Intelligent Model Recommendation
<1s latency
5x Catalog Expansion
The Challenge
As our experiment catalog grew, standard query methods became a bottleneck. We needed to analyze hundreds of meta-features (dataset characteristics + model architecture stats) to recommend the optimal model for a user’s specific task. Latency was degrading, and we needed a way to isolate client data logically without managing separate physical clusters for every tenant.
The Solution
I engineered a Vector Search System using Milvus as the core engine.

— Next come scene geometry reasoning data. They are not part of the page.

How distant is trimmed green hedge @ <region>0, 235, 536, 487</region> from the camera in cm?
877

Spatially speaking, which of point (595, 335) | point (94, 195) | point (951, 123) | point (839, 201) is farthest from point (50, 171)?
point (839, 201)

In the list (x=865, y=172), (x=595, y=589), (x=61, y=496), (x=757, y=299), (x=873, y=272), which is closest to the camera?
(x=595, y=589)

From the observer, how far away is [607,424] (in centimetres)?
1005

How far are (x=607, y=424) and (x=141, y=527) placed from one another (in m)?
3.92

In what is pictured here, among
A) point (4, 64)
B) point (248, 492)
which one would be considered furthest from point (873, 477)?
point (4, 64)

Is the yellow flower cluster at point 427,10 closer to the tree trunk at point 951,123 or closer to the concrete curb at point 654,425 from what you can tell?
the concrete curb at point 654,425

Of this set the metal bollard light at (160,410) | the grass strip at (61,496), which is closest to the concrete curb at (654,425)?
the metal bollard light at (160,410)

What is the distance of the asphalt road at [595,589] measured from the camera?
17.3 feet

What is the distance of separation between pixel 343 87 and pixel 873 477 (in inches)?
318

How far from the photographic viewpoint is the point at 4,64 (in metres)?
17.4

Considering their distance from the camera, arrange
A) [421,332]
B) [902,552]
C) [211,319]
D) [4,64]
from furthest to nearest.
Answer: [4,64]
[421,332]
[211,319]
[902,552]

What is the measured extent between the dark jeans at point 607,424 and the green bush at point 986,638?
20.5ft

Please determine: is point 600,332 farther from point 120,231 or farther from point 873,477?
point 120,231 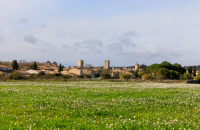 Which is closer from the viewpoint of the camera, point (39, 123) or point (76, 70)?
point (39, 123)

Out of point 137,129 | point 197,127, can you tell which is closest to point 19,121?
point 137,129

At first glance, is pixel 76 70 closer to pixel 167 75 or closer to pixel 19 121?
pixel 167 75

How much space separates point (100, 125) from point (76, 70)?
16248cm

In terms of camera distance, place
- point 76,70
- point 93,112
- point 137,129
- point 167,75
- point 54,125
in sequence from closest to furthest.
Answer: point 137,129, point 54,125, point 93,112, point 167,75, point 76,70

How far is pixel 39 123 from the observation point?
309 inches

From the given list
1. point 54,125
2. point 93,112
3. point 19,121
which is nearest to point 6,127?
point 19,121

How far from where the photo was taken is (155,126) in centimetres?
731

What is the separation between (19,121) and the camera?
8.20 m

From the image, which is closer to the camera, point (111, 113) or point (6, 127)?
point (6, 127)

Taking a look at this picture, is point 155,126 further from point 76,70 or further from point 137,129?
point 76,70

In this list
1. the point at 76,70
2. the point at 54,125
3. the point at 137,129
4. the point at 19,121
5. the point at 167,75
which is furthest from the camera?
the point at 76,70

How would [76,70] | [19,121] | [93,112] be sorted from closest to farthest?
1. [19,121]
2. [93,112]
3. [76,70]

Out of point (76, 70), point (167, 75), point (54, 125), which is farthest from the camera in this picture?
point (76, 70)

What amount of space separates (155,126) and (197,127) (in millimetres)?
1677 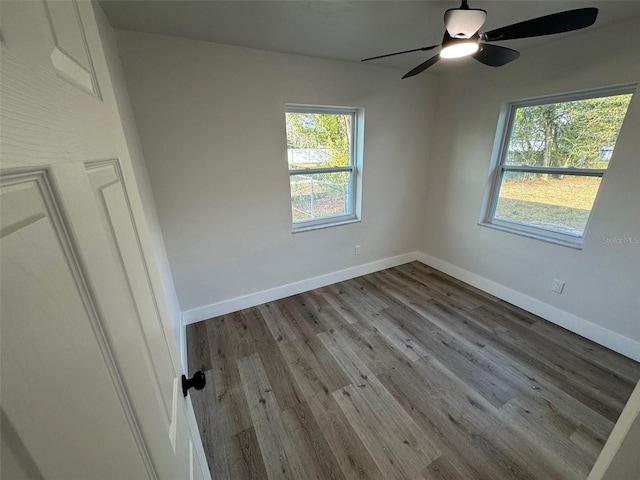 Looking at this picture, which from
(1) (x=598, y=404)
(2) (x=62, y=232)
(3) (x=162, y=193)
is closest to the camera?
(2) (x=62, y=232)

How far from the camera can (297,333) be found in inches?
91.0

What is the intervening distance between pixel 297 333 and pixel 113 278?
2059 mm

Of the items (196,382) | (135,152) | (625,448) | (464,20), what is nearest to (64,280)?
(196,382)

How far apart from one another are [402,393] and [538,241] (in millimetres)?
1965

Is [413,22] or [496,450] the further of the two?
[413,22]

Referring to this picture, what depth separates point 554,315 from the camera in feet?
7.78

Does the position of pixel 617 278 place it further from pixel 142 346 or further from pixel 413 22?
pixel 142 346

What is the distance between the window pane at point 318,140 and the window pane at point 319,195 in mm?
129

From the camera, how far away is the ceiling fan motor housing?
1.24 metres

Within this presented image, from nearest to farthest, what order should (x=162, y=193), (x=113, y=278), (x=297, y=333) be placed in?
(x=113, y=278), (x=162, y=193), (x=297, y=333)

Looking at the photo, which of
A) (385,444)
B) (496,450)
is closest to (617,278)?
(496,450)

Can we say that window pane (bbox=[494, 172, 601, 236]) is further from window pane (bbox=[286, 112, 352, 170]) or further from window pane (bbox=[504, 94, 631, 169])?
window pane (bbox=[286, 112, 352, 170])

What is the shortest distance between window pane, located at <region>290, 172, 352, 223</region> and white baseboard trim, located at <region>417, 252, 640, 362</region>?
1640 mm

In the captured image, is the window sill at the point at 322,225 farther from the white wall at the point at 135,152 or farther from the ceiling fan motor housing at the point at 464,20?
the ceiling fan motor housing at the point at 464,20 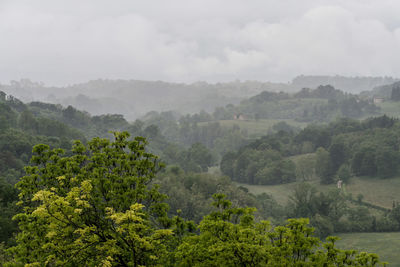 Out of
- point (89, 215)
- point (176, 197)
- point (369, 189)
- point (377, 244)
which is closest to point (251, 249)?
point (89, 215)

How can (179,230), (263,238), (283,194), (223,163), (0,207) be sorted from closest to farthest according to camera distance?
(263,238) → (179,230) → (0,207) → (283,194) → (223,163)

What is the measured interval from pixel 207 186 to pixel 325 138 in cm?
7215

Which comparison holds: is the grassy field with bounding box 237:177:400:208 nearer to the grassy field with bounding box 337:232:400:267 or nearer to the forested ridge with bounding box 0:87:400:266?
the forested ridge with bounding box 0:87:400:266

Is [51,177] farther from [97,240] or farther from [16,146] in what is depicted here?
[16,146]

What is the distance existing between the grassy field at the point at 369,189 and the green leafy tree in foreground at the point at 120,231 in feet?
244

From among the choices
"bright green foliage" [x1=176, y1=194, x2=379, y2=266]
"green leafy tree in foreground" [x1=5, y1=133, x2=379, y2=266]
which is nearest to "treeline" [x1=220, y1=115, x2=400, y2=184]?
"bright green foliage" [x1=176, y1=194, x2=379, y2=266]

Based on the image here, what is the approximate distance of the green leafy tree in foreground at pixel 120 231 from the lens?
46.0 ft

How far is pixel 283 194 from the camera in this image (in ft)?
335

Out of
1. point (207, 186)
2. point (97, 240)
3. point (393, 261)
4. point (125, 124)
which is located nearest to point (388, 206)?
point (393, 261)

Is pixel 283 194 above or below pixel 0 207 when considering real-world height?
below

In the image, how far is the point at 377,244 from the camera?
6134 cm

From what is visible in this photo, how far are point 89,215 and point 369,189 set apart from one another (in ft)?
Result: 308

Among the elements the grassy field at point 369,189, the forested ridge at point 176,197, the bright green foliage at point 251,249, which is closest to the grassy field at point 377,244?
the forested ridge at point 176,197

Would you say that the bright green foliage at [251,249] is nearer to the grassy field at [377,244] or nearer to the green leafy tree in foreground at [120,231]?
the green leafy tree in foreground at [120,231] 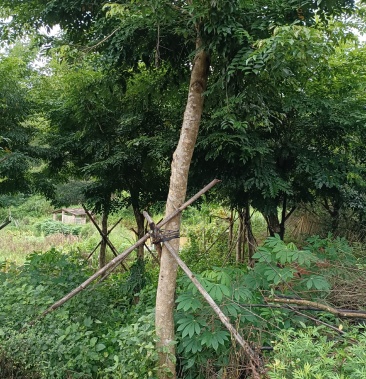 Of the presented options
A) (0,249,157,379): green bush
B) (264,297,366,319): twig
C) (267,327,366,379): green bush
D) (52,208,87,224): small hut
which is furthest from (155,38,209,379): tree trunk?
(52,208,87,224): small hut

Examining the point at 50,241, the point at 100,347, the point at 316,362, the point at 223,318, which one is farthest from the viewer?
the point at 50,241

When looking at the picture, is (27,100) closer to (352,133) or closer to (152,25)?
(152,25)

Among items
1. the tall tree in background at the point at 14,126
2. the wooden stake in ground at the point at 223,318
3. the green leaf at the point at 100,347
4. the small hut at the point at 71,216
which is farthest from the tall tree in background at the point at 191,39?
the small hut at the point at 71,216

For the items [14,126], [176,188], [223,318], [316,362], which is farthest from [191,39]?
[14,126]

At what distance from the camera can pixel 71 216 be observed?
14484 millimetres

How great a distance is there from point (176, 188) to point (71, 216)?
1249 centimetres

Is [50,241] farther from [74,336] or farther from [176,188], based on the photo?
[176,188]

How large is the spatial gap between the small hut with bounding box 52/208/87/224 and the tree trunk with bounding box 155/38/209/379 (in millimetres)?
11281

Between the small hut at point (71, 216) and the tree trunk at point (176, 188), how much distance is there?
1128cm

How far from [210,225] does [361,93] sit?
5.39 m

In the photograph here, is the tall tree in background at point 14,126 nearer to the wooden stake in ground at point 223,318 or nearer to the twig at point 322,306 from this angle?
the wooden stake in ground at point 223,318

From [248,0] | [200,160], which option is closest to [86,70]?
[200,160]

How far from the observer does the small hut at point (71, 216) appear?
14.0 metres

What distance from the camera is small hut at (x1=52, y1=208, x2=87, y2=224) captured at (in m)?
14.0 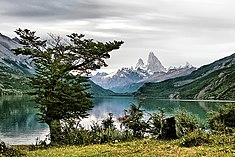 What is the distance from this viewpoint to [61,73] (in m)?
35.9

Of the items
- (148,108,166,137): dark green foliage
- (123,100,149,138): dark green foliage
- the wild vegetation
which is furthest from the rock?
(123,100,149,138): dark green foliage

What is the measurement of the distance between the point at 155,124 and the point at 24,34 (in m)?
17.7

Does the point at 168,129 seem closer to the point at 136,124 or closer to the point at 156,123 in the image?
the point at 156,123

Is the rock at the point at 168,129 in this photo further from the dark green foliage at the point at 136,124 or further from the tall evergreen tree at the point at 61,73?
the tall evergreen tree at the point at 61,73

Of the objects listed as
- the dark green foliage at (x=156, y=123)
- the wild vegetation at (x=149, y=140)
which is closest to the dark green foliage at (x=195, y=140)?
the wild vegetation at (x=149, y=140)

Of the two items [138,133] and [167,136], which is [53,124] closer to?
[138,133]

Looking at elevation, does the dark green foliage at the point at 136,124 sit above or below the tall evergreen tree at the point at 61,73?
below

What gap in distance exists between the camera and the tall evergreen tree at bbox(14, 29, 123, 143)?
35344 mm

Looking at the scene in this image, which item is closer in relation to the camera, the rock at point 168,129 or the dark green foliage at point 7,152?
the dark green foliage at point 7,152

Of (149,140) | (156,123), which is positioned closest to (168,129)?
(149,140)

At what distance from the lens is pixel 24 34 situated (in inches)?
1539


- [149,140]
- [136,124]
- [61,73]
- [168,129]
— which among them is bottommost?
[149,140]

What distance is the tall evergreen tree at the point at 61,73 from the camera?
35.3 meters

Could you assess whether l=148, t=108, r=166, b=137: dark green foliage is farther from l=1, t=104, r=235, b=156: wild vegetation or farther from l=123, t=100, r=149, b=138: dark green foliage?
l=123, t=100, r=149, b=138: dark green foliage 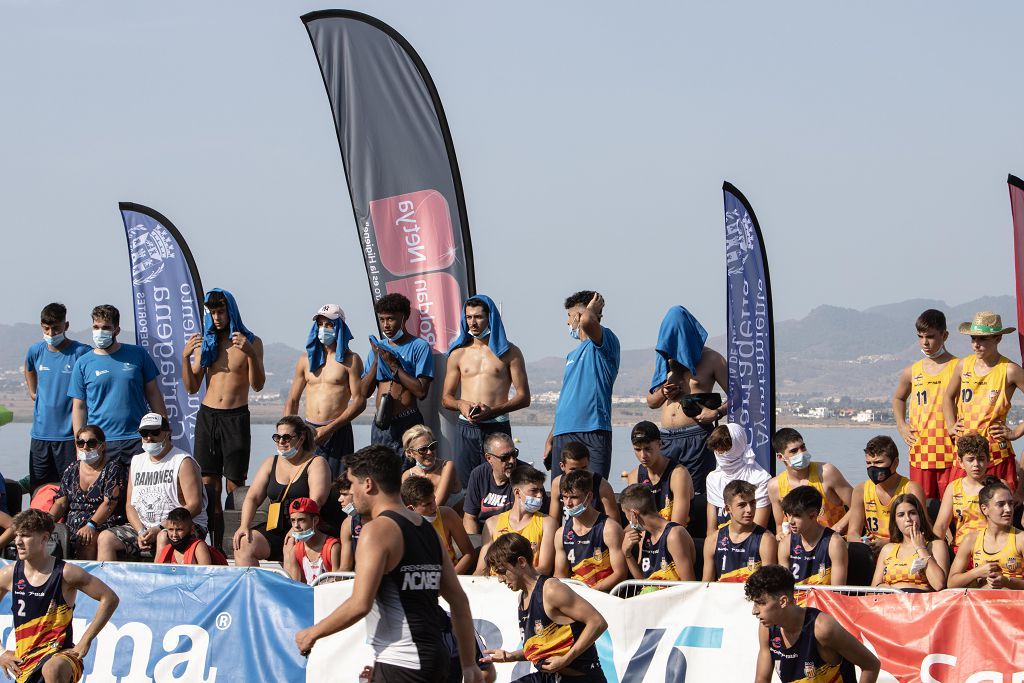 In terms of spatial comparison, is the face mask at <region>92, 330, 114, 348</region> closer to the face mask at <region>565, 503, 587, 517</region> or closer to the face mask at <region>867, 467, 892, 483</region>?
the face mask at <region>565, 503, 587, 517</region>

- Fingerprinting Pipeline: Built an automated pipeline to convert arbitrary DataLoaders and Model Graphs into dense vector representations.
- Two-Stage Retrieval:
- Stage 1 (ANN): Rapid approximate nearest neighbor search to funnel down the search space
- Stage 2 (Re-ranking): A fine-grained statistical scoring layer to select the highest-performing candidate based on historical performance metrics.
- Logical Isolation: Implemented a partition strategy that routes queries to client-specific shards, ensuring data privacy while maintaining a shared infrastructure.
The Impact
The system achieved sub-second retrieval latency (< 800ms) while handling a 5x expansion in the experiment catalog. It now serves as the backbone for the automated modeling workflow, allowing users to receive architecture recommendations instantly.